▶ What to produce
If a line below contains the string "from", return that line.

• • • • •

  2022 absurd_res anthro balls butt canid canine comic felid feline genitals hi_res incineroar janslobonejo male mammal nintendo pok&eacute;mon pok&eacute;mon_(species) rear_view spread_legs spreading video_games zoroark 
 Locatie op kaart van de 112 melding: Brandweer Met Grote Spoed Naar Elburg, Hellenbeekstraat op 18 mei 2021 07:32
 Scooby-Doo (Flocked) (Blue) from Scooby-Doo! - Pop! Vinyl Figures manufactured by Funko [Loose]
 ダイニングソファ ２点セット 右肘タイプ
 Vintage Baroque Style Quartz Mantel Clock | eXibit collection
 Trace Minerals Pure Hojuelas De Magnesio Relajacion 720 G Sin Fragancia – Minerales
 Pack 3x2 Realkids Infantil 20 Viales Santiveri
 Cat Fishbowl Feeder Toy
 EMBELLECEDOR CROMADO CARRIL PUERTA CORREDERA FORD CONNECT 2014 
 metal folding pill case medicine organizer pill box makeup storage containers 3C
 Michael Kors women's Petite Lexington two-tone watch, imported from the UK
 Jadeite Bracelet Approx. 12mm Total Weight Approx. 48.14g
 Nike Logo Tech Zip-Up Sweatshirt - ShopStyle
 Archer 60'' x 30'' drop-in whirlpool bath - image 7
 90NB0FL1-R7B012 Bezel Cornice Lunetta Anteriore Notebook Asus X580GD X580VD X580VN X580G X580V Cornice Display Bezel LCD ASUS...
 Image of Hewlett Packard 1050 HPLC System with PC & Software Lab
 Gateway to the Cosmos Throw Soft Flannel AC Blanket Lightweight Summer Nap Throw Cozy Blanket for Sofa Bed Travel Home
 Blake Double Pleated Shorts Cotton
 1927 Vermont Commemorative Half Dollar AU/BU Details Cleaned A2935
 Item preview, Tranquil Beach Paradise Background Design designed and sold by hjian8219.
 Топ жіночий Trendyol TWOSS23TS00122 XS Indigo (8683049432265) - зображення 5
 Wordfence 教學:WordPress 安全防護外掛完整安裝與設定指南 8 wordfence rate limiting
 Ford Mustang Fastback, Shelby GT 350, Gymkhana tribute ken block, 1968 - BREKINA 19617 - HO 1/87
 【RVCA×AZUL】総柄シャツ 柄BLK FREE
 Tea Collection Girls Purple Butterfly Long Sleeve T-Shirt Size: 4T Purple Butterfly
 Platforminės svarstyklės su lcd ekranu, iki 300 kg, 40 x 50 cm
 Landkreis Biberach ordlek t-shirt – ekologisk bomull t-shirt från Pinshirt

• • • • •

▶ Exercise output
 Scooby-Doo (Flocked) (Blue) from Scooby-Doo! - Pop! Vinyl Figures manufactured by Funko [Loose]
 Michael Kors women's Petite Lexington two-tone watch, imported from the UK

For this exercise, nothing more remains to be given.